Fonte: Gianluca Stroppa, La Provincia Pavese

Lacchiarella – C’è un piano per recuperare oltre 150mila euro sui buoni pasto delle mense. Una scrittura privata fra comune e società Cir Food, concessionaria del servizio di refezione scolastica, mette fine al caso delle somme non riscosse, caso scoppiato all’inizio dell’anno.

L’ACCORDO

Le parti hanno trovato un’intesa, assistite dai rispettivi legali, evitando che fosse un tribunale a dirimere la controversia. L’accordo con la società con sede a Reggio Emilia, sottoscritto nel 2016, prevede, tra l’altro, che sia la società stessa a svolgere l’attività di riscossione delle contribuzioni non pagate nei confronti degli utenti del servizio che non hanno provveduto a versare le somme dovute. In base al contratto,
l’amministrazione comunale anticipa a Cir Food l’importo dovuto dagli utenti morosi, corrispondendo la differenza tra il costo dei pasti erogati e la somma effettivamente versata in favore della società da parte degli utenti. Dall’altra parte, la ditta concessionaria deve intraprendere e portare a termine le procedure per il recupero forzoso dei crediti non riscossi nei confronti degli utenti del servizio mensa (anche mediante ingiunzione di pagamento e ulteriori procedure giudiziali), inviandone un rendiconto quadrimestrale al Comune.

LA POLEMICA

A scatenare la controversia è stato il fatto, imputato dal Comune a Cir Food, di non aver fatto nulla in proposito, nonostante molteplici solleciti, mentre la concessionaria ha insistito nel rivendicare una corretta esecuzione del contratto, invitando gli utenti morosi al pagamento dei crediti insoluti.

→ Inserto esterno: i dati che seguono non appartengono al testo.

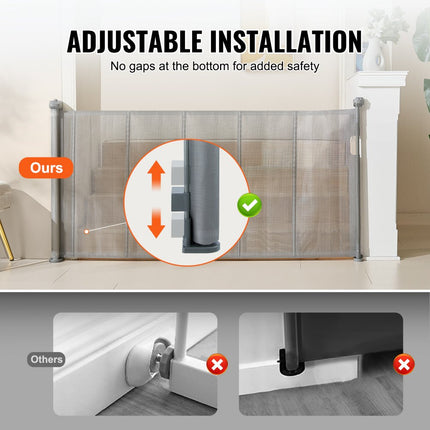 VEVOR Deurhekje Traphekje max. 195 cm Uitschuifbaar Babyhekje 87 cm Hoge Deurpoort Huisdieren Kinderhekje Grijs Traphekje voor Klemmen voor Baby Hondenhekje Buiten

Per l’amministrazione comunale, data l’esposizione debitoria per pasti non pagati che ammonta a 152.425 euro, si stava profilando un
considerevole danno patrimoniale. C’è stato però un incontro risolutore fra le parti che consentirà al Comune di Lacchiarella, in provincia di Milano, di incamerare in due fasi distinte il credito maturato. Le prime 58 posizioni debitorie, per un totale di 101.839 euro, saranno definite in breve tempo, mentre le rimanenti 320 situazioni, per complessivi 50.586 euro, saranno soddisfatte entro la scadenza contrattuale fissata per l’11 settembre dell’anno prossimo. Queste sono le condizioni su cui si sono accordate le parti. Nelle casse del municipio di Lacchiarella potranno così rientrare le somme anticipate per coprire le quote non pagate dagli utenti della mensa scolastica.